On the Computational Intelligibility of Boolean Classifiers
Gilles Audemard, Steve Bellart, Louenas Bounia, Fr\'ed\'eric Koriche,, Jean-Marie Lagniez, Pierre Marquis

TL;DR
This paper analyzes the computational difficulty of explaining various Boolean classifiers, showing decision trees are tractable for XAI queries while other models are not, highlighting a significant gap in interpretability.
Contribution
It provides a systematic comparison of the computational intelligibility of different Boolean classifiers across multiple XAI queries, revealing a stark contrast between decision trees and other models.
Findings
Decision trees are tractable for all tested XAI queries.
DNF formulae, decision lists, and neural networks are intractable for these queries.

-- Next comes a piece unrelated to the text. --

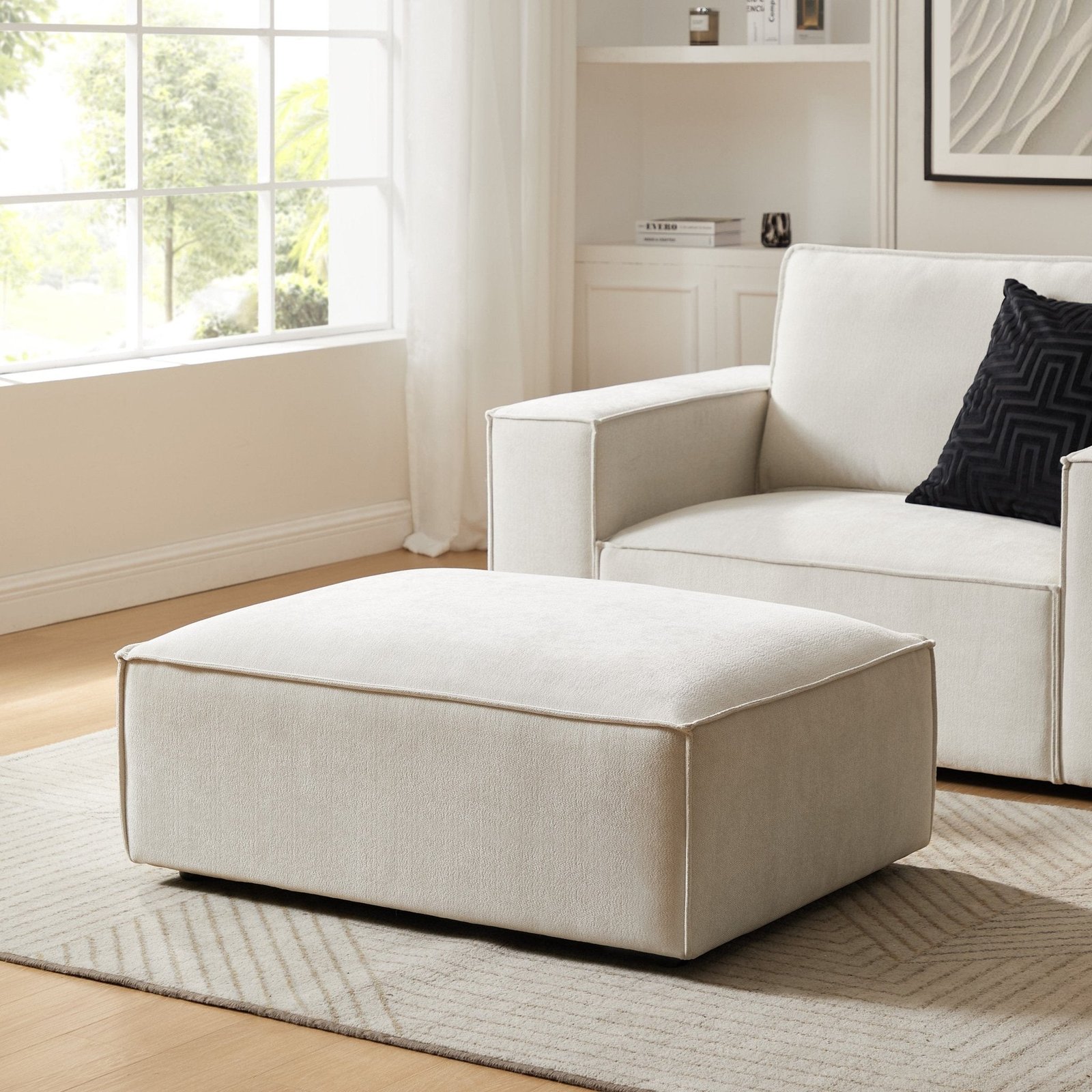 Brooklyn Pouffe — Ivory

Large intelligibility gap exists between decision trees and other classifiers.
Abstract
In this paper, we investigate the computational intelligibility of Boolean classifiers, characterized by their ability to answer XAI queries in polynomial time. The classifiers under consideration are decision trees, DNF formulae, decision lists, decision rules, tree ensembles, and Boolean neural nets. Using 9 XAI queries, including both explanation queries and verification queries, we show the existence of large intelligibility gap between the families of classifiers. On the one hand, all the 9 XAI queries are tractable for decision trees. On the other hand, none of them is tractable for DNF formulae, decision lists, random forests, boosted decision trees, Boolean multilayer perceptrons, and binarized neural networks.